[Closed] pFlow's phantoms, how to use them using maxscript?
Hi. Can somebody helps me to find a way to use pFlow’s phantoms on render time using maxscript? At least some direction to dig in? I want to find a fast way to generate pixels in 3D using coordinates of particles from phantoms or something like that. I can find nothing at Maxscript help.
thx a lot!
AFAIK, there are a couple of scripted dot renderers out there that can do that, but if you want to write your own, you could take a look at the new “How To … Develop a Vertex Renderer” tutorial I added to MAXScript Reference 7.0
It will give you the basic view transformation code to draw 2D pixels from 3D positions.
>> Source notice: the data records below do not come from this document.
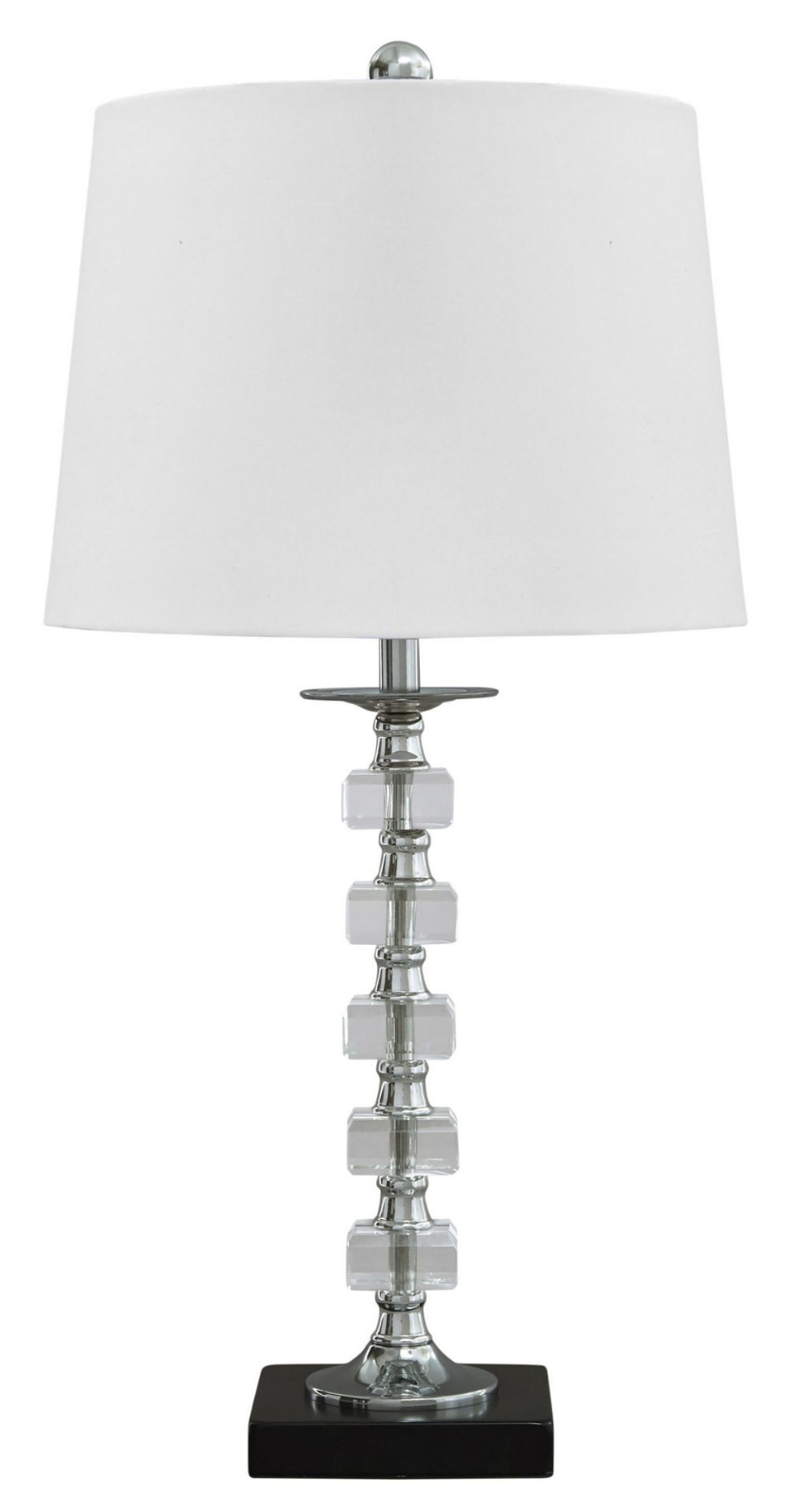 Picture of Leesa Table Lamp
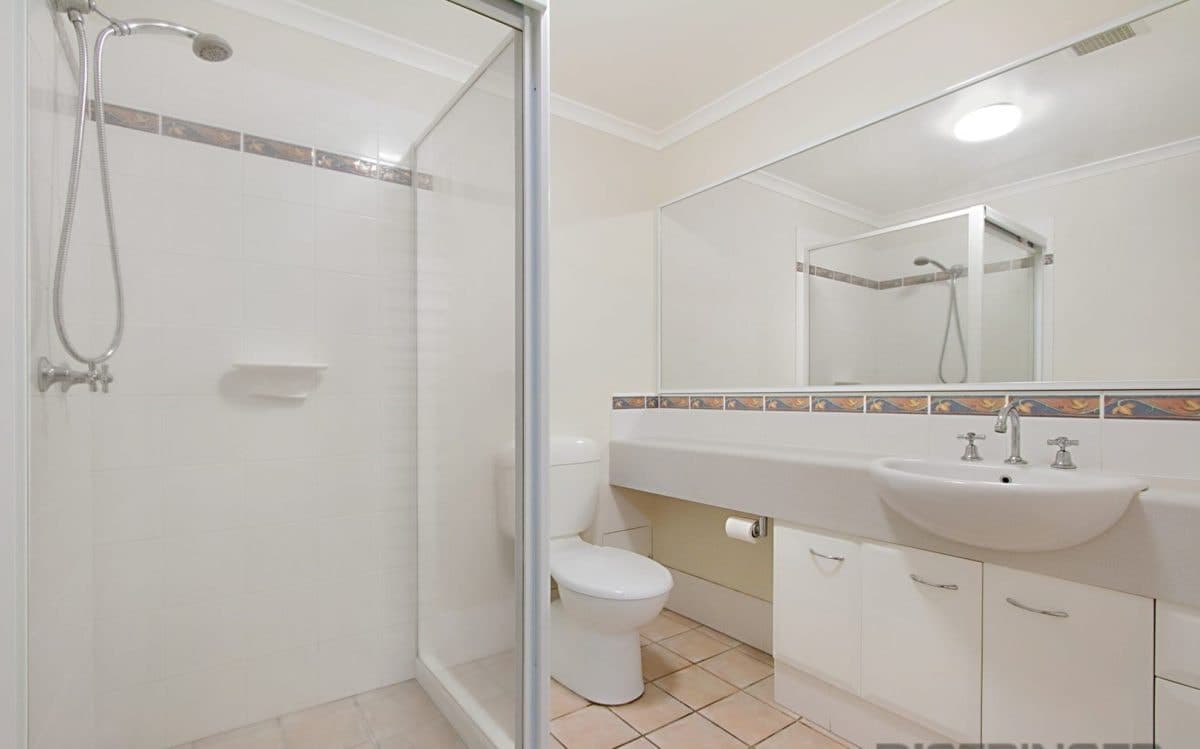 3/12-14 Thomson Street, Tweed Heads NSW 2485, Tweed Heads - Thumbnail 2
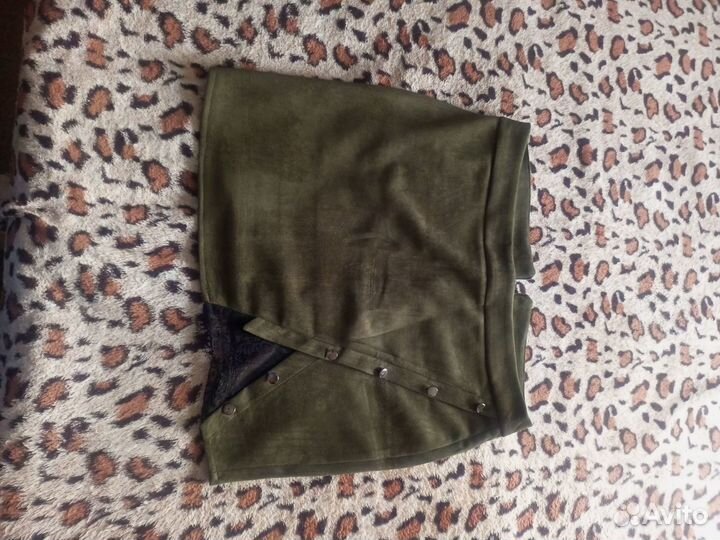 Платье, юбка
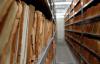 EU Parliament urges Georgia to open Soviet archives to counter Russian propaganda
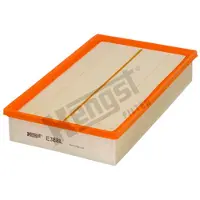 HENGST FILTER Luftfilter E388L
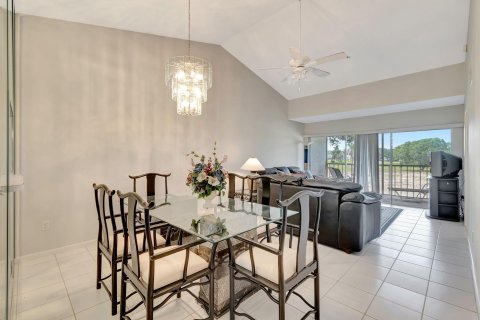 Condo in Boca Raton, Florida, 2 bedrooms  № 1172543 - photo 24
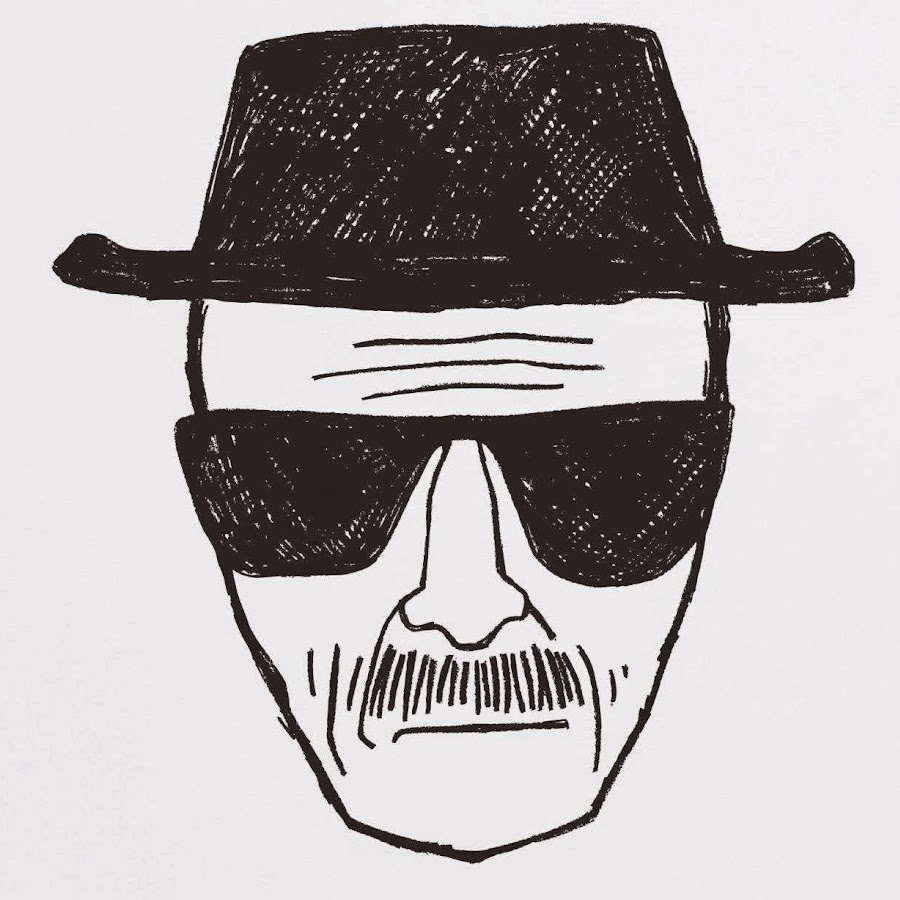 рафаэль манга heisenberg скачать фото 1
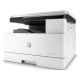 HP Laserski MF štampač LaserJet M442dn - 8AF71A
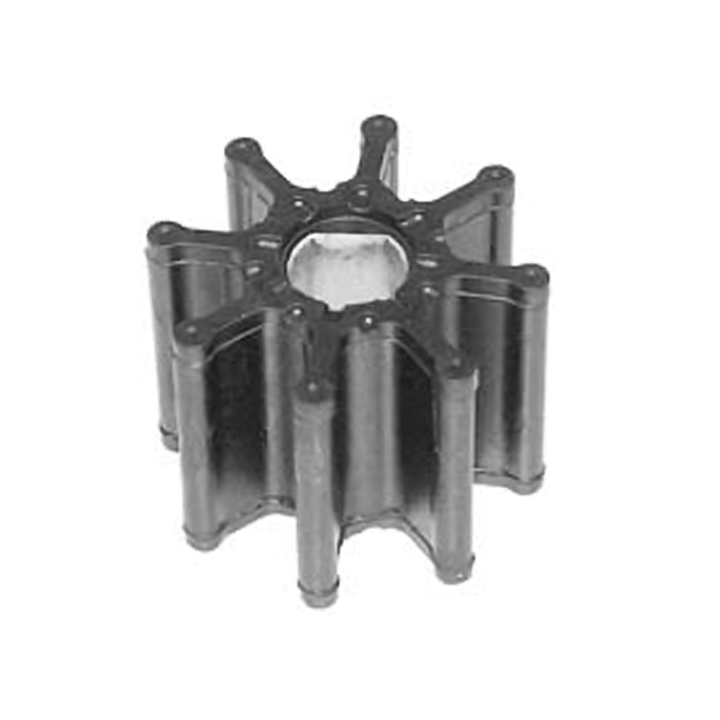 Impeller För Mercruiser Med Monterad Sjövattenspump i gruppen Motor & Tillbehör / Mercury / Mercury Impeller hos Marinsystem (59362Q01)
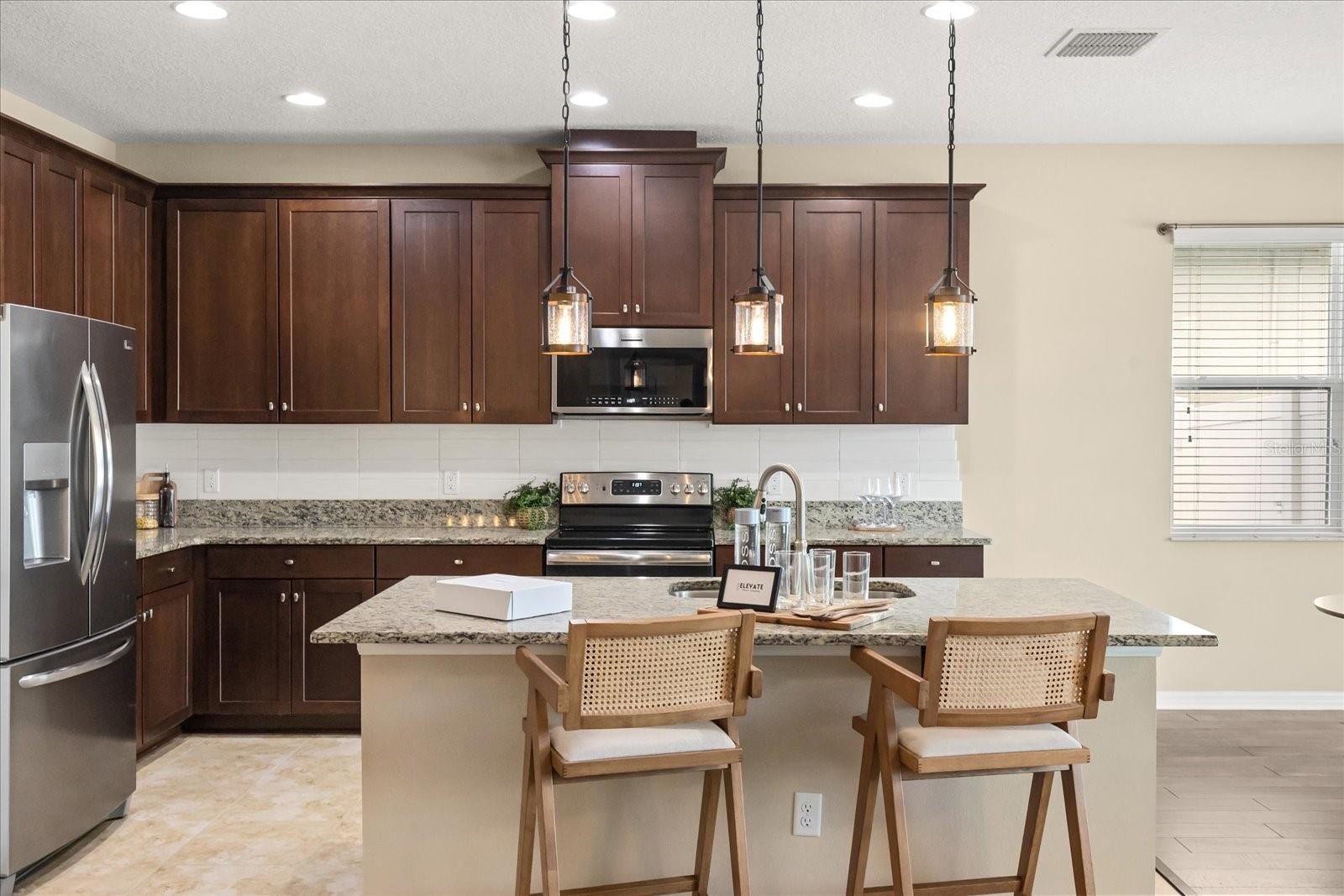 CARLTON LAKES PH 1A 1B-1 AN - Residential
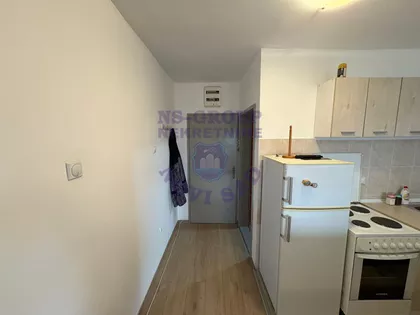 Podbara | 4zida.rs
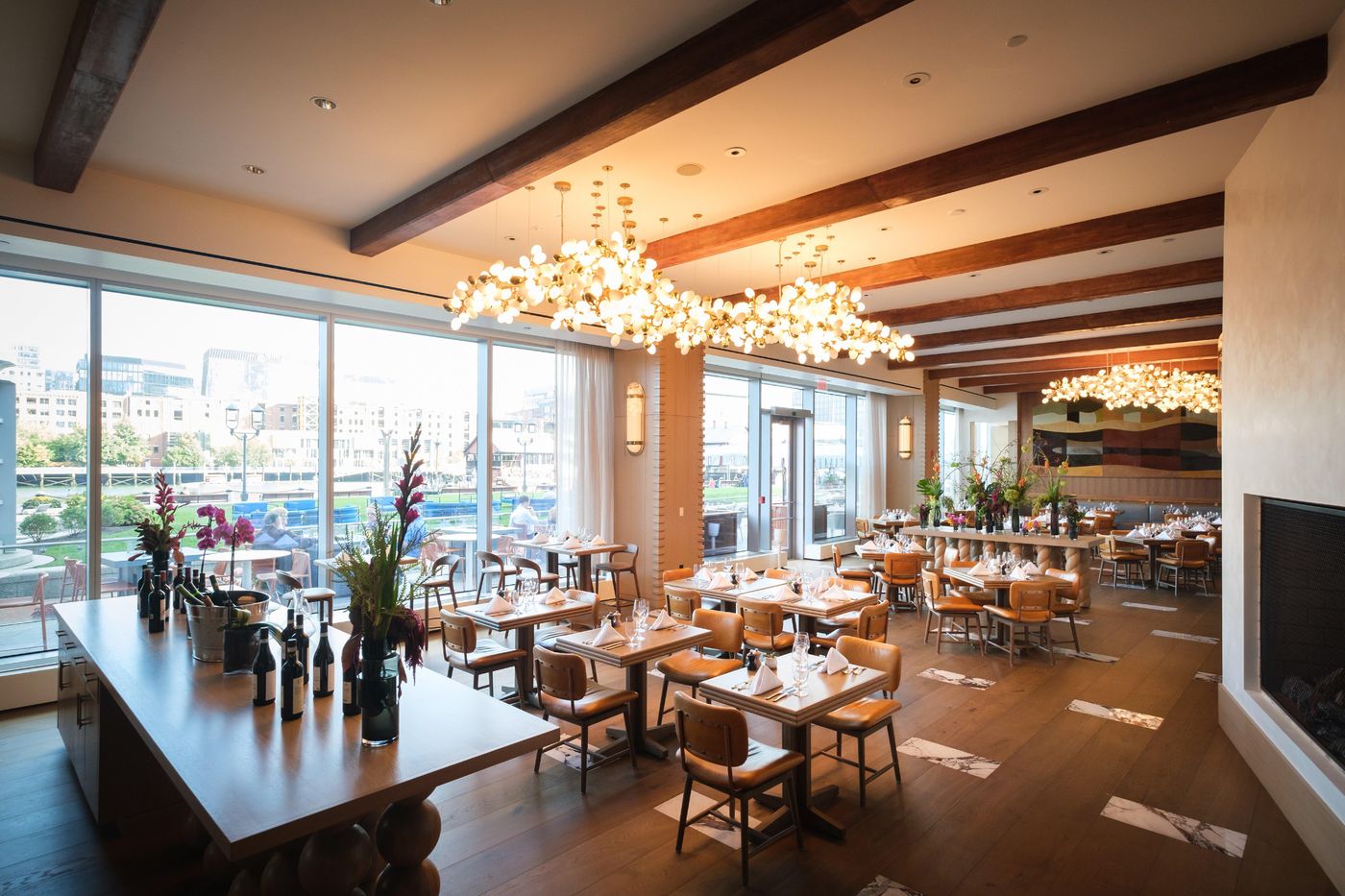 InterContinental-Boston-Restaurant-84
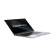 Ноутбук Infinix Inbook Y3 PLUS_YL512 15.6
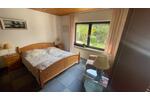 5,5 Zimmer Haus auf 3 Ebenen mit Wintergarten zimmer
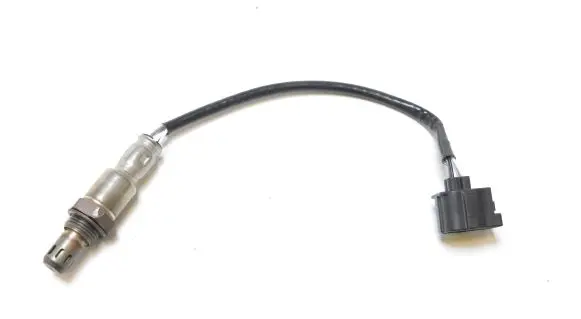 Mercedes-Benz CLA C117 X117 W117 Lambda probe sensor 0065422018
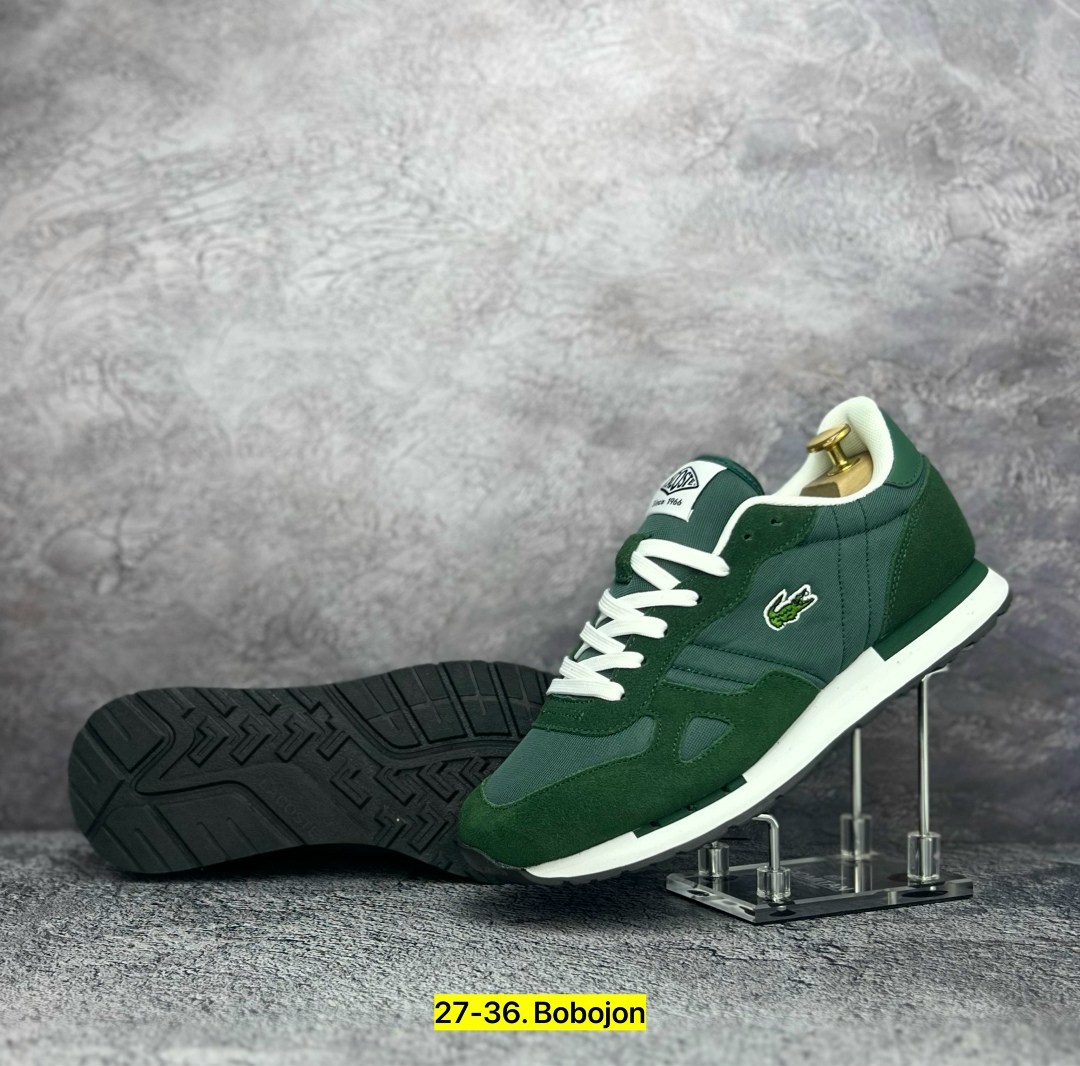 кроссовки lacoste мужские,кроссовки lacoste,кроссовки лакост мужские зеленые,кроссовки lacoste partner retro 120,кроссовки мужские лакоста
Then you just have to write a simple script to loop through all particles of a PF_Source, read their positions and call the pixel drawing function to put a point in the Bitmap. If you add a reading function, you could accumulate colors using additive, blend or another mode.
Wow thats really nice info, Bobo. And this scripts works really cool. But I have a couple of questions…
- Is it the fastest way to generate pixels in 3D using mesh vertexes or particles coordinates? If not – how can I optimize it? Looping through all of the particles should be slow?
- How can I organize animation output with better UI for this script? Something like render effect maybe?
- Is it possible to generate pixels dependant on particles parameters? For example particle age? 5 pixels when grown – and to 1 or 0 on death? Or generate them using distance from camera?
The fastest would be using the particle coordinates of the phantoms. You don’t want meshes on millions of particles :o) You can just “forget” to assign a Shape Operator to them to avoid internal mesh assignments…
The script I pointed to just shows how to transform 3D into 2D. Replace the vertex code with PFlow particle position access code.
Looping through lots of particles is not too slow. Drawing the pixels will be slower.
You can either write a Render Effect (but in that case you will have the rendering phase of Max itself), or write a utility that renders only the particles of each frame into an empty bitmap. Might be faster. Unless you want to apply the particles to a rendered image without compositing…
Everything is possible – you can access these particle properties as properties of the PF Source itself, without using Script Operators. How you draw, what you draw – is your decision.